Alors que nous étudions l’impact de la transformation numérique sur les usages des publics et sur les relations qu’ils et elles tissent aux œuvres et aux lieux, il est intéressant de remonter les évolutions de la perception des publics à travers cette publication de la chercheuse Cindy Lebat pour L’école de la médiation et Metis Lab. Elle s’intéresse particulièrement au champ muséal mais ses références et observations concernent également les autres typologies de lieux culturels.
Il est intéressant de noté que, lorsqu’en 2004, Martine Azam écrit « Être public, ce n’est pas seulement être physiquement présent, c’est être présent à l’œuvre. (…) Plus personne n’est à l’abri de l’art », cela vient confirmer une approche que défend le TMNlab : renforcée par le numérique, la désintermédiation de l’accès à la culture, qui se fait en dehors des institutions culturelles comme sur Internet, est profonde et interroge la fonction des institutions culturelles, leur rapport à leur territoire et aux publics, présents et en ligne.
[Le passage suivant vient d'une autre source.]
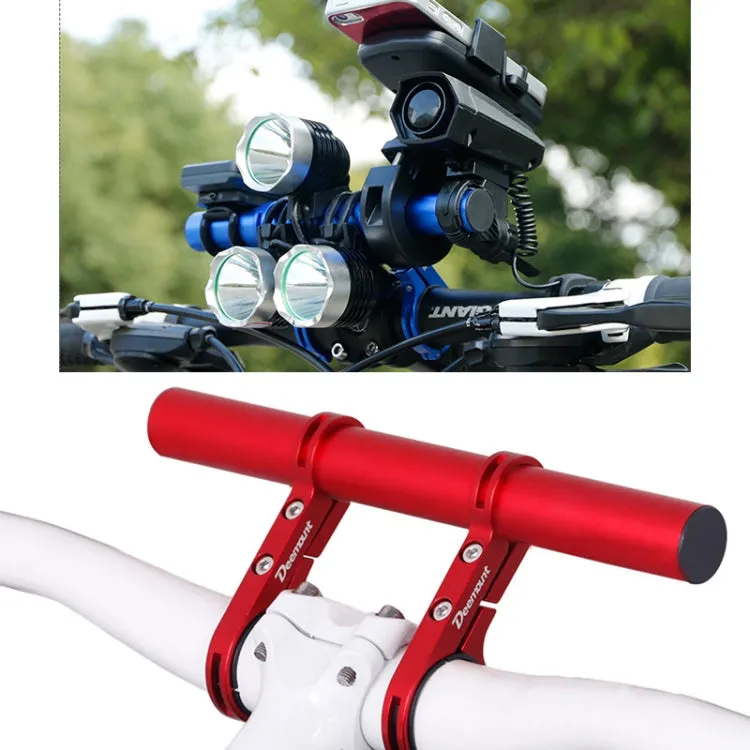 HLD-208 Mountainous Bicycle Aluminium Alloy Handlebar Extension Frame Flashlight Bracket (Red)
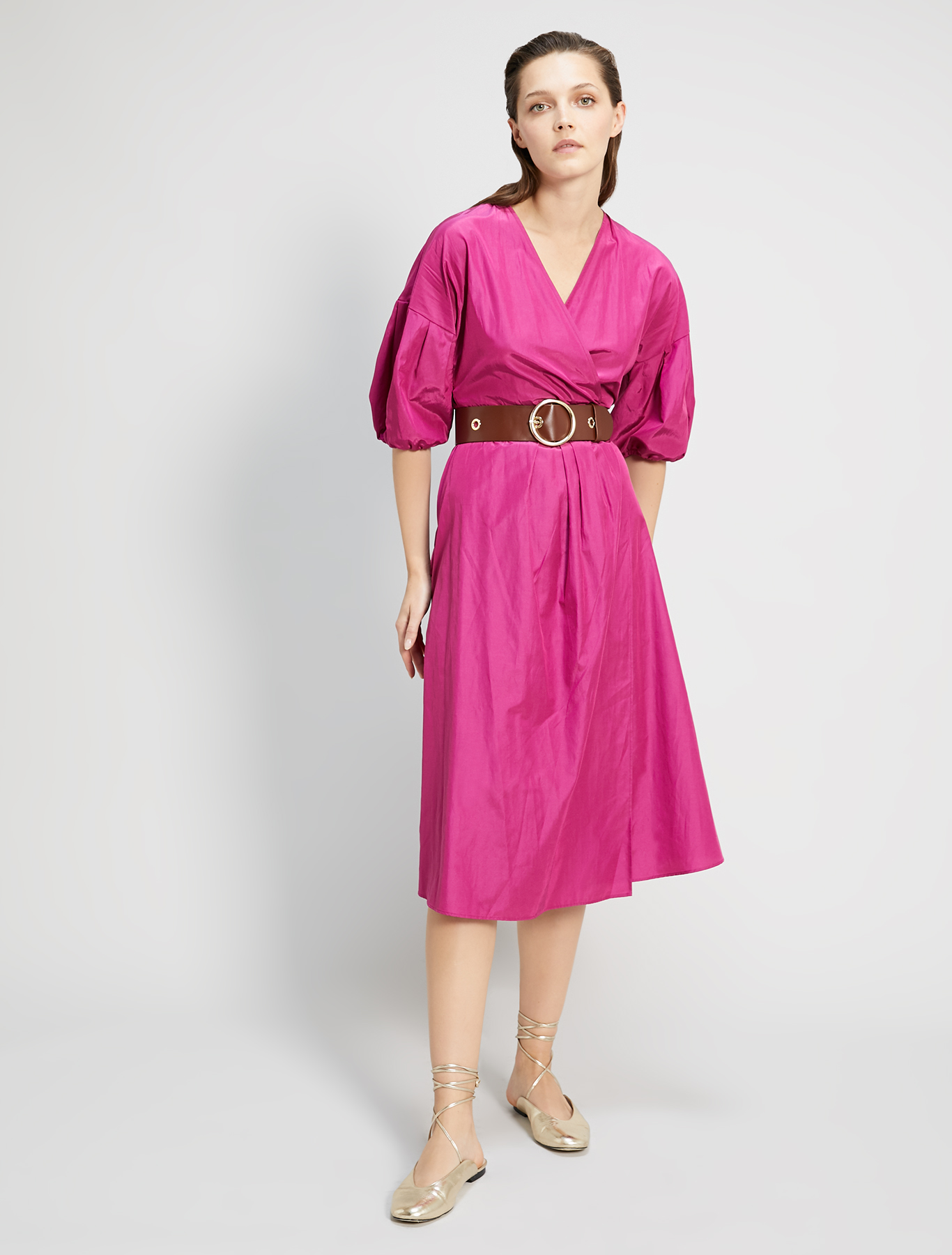 Taffeta wrap dress, fuchsia - Pennyblack Taffeta wrap dress - fuchsia - pennyblack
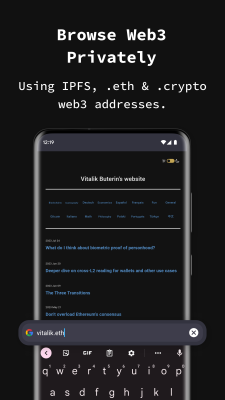 Screenshot of the application Private Browser: Incognito App - #3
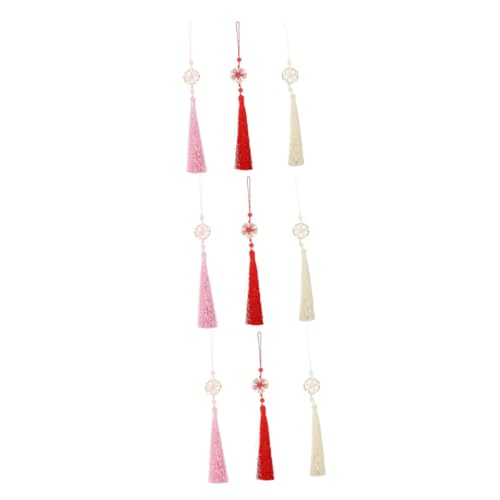 ARTIBETTER 3 Sätze Teiliges Diy Lesezeichen Mit Quasten Dekorative Blumenquasten Für Fächer Und Anhänger Für Kreative Und Bastelprojekte 3 Stück * 3 von Artibetter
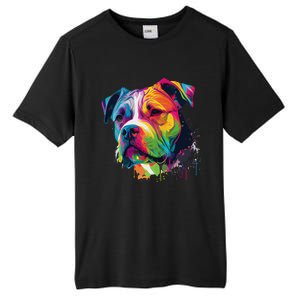 Colorful American Bulldog American Bully Tall Fusion ChromaSoft Performance T-Shirt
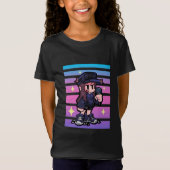 fnfカセッテおもしろいガールtシャツ – fnf tシャツ (正面)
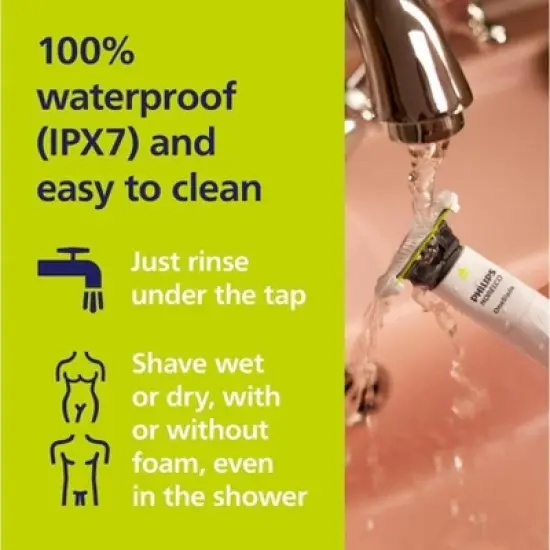 Philips Norelco OneBlade Intimate Electric Rechargeable Pubic Groomer - QP1924/70 image {6}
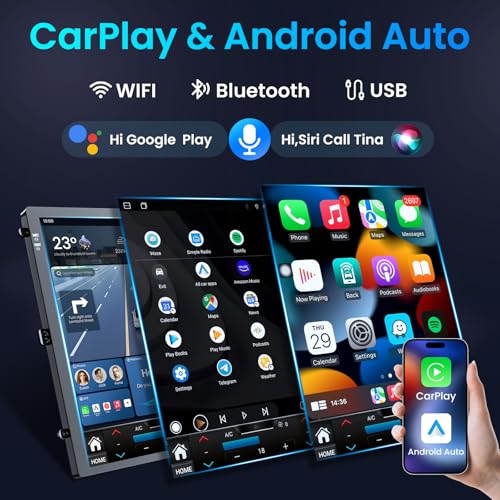 Image of [8Core 4G+64G] Car Radio Stereo for Cadillac ATS XTS SRX CTS 2013-2018: 9.7 inch HD Touch Screen with Wireless Carplay Android Auto Bluetooth GPS 5G WiFi SWC FM AM RDS DSP Backup Camera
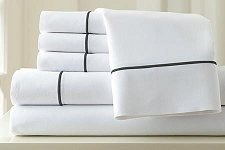 4) Sábanas y Fundas con cordón hotelero de color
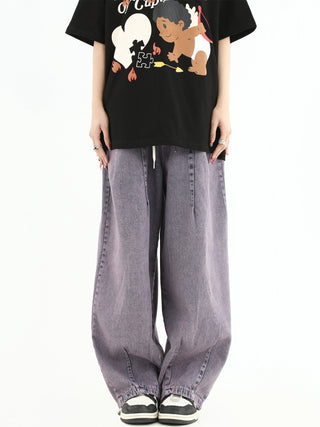 PRLM Pleated Loose Leg Jeans KT2714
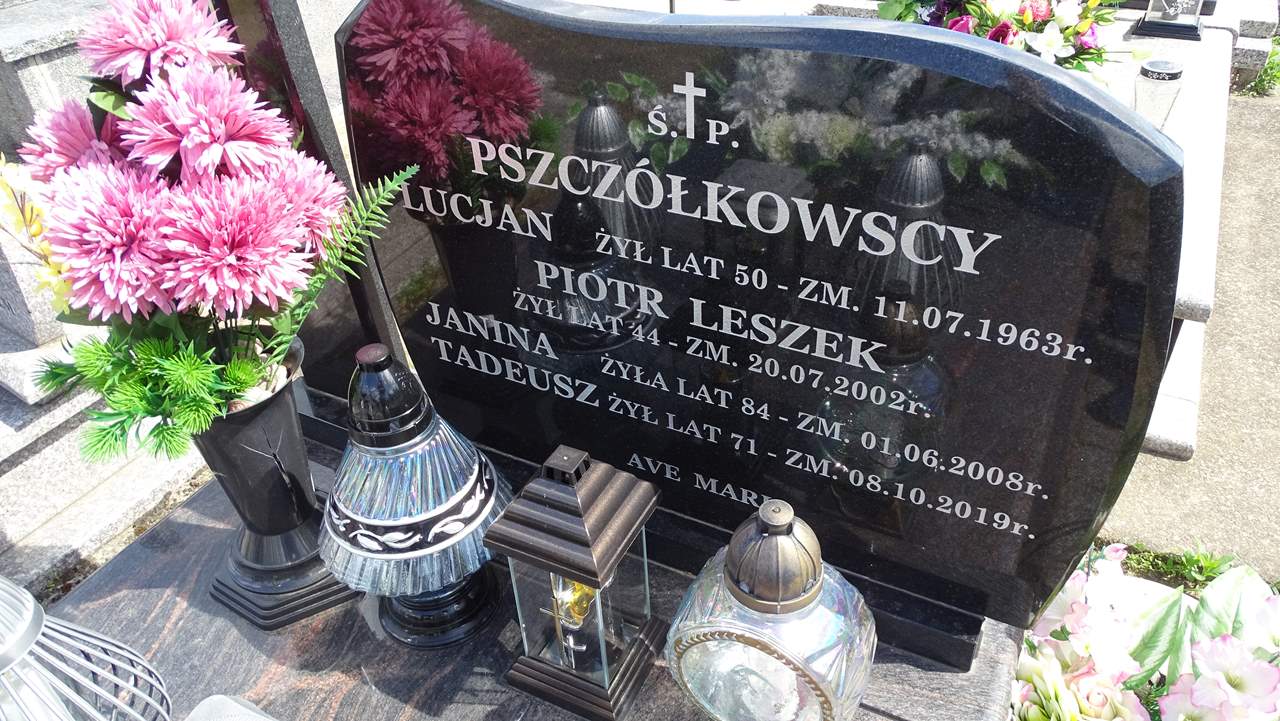 Piotr Leszek Pszczółkowski 1958 Skierkowizna - Grobonet - Wyszukiwarka osób pochowanych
Cindy Lebat s’intéresse aux travaux de Brigitte Chapelain (« La participation est une composante essentielle des nouvelles modalités collectives »), Nathalie Gerber et Pauline Thévenot (« Les usages d’Internet fondés sur les pratiques contributives ont brouillé la division entre producteurs et consommateurs de contenu ») et publie en annexe une interview d’Olivier Thévenin (« L’éclectisme et l’hybridation croissants des univers culturels qui dépendent aussi de l’identité des individus et des rapports diversifiés à la culture, aux médias et aux industries de contenus ») dont nous partageons un extrait éclairant :
Plus récemment, la recherche académique sur les publics de la culture centre également ses problématiques non seulement à partir de la sociologie de la domination et de la reproduction, mais également avec des théories dispositionnalistes des individus, du travail créateur, des attachements et de l’acteur réseau. Un autre changement profond se dessine aussi avec l’étude des traces numériques (je pense notamment aux travaux de Dominique Boullier et de Dominique Cardon). Il s’agit là d’une transformation qui bouleverse les protocoles d’enquêtes et la production de connaissances à partir des données du numérique qui ne sont plus principalement celles des instituts et des chercheurs, mais aussi celles des grands groupes de l’économie du numérique qui utilisent des algorithmes pour constituer des corrélations prédictives à des fins mercantiles. Dominique Cardon montre très bien en quoi « les écosystèmes numériques déplacent le centre de gravité des sociétés vers les individus connectés et vers les acteurs qui contrôlent les plateformes assurant la mise en réseaux ». Ces changements nourrissent ainsi de nouveaux questionnements sur le devenir de la place de la culture dans nos sociétés et donc incidemment sur les formes de sociabilité – notamment numérique – et les logiques d’individuation dans un régime d’abondance culturelle. »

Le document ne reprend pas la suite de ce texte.